American singer-songwriter Sylvester was known as the Queen of Disco. Recognisable for his androgynous appearance and falsetto, Sylvester rose to fame with the enduring pride anthem ‘You make me Feel (Mighty Real)’. In his later years, he fought to bring attention to the impact HIV/AIDS was having in the African-American community.


4. Cookie Mueller
(actor, bad girl, muse, author)

“[On dying] You simply lose your body. You will be the same except you won’t have to worry about rent or mortgages or fashionable clothes.”

Cookie Mueller gave acclaimed performances in several underground films, including starring as Cookie the Spy in John Waters’ black comedy, Pink Flamingos. Also an accomplished writer, Mueller was a columnist, art critic and gathered a cult following for her collections of prose.


5. David McDiarmid
(artist, activist)

“My priority as an artist has always been to record and celebrate our lives.”
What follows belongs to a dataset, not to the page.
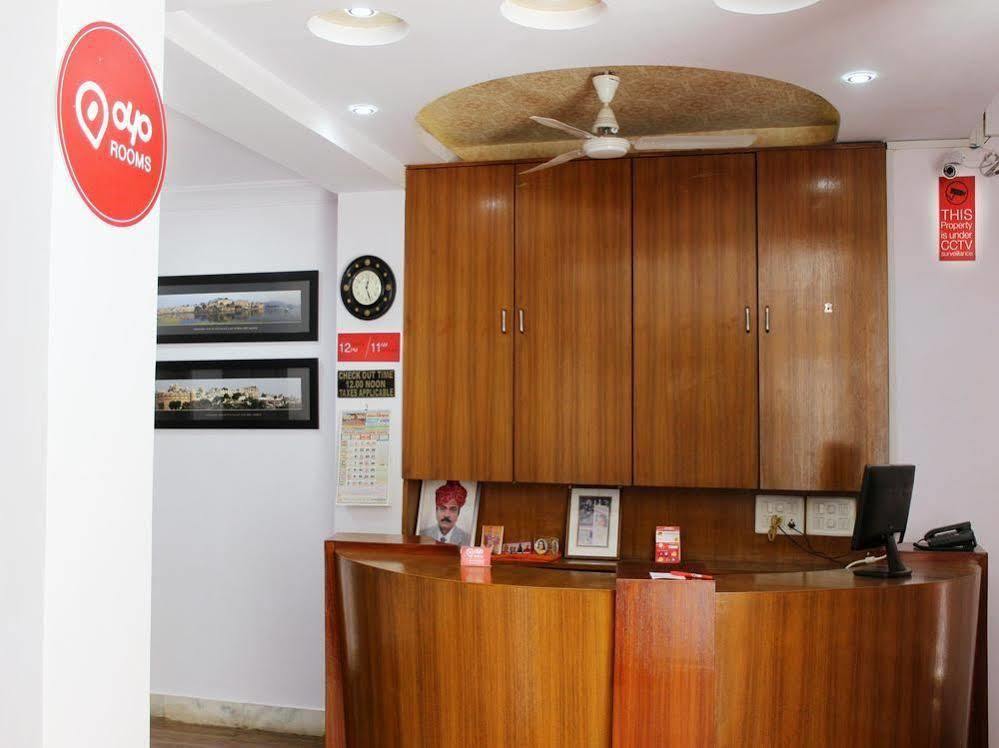אודייפור Oyo 1159 Hotel Chandra Prakash מראה חיצוני תמונה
David McDiarmid focused a vast array of mediums – collage, painting, calligraphy, sculpture, fashion – on gay lives and politics. While protesting the ABC’s refusal to run a segment on Gay Liberation, McDiarmid became the first person in Australia to be arrested at a gay rights protest. Later, he spent years as artistic director of the Sydney Gay and Lesbian Mardi Gras.


6. Hibiscus
(artist, performer, cockette)

“He was a wild-eyed Nijinsky, a Byzantine seductress possessed.” – Jet, a fellow Cockette.

Hibiscus was an exuberant performance artist and founder of The Cockettes, an avant-garde psychedelic theatre group born at the epicentre of hippiedom: Haight-Ashbury, 1969. He would later be immortalised as the turtlenecked protester placing flowers into gun barrels in Flower Power, Bernie Boston’s Pulitzer-nominated photograph.


7. Derek Jarman
(artist, filmmaker)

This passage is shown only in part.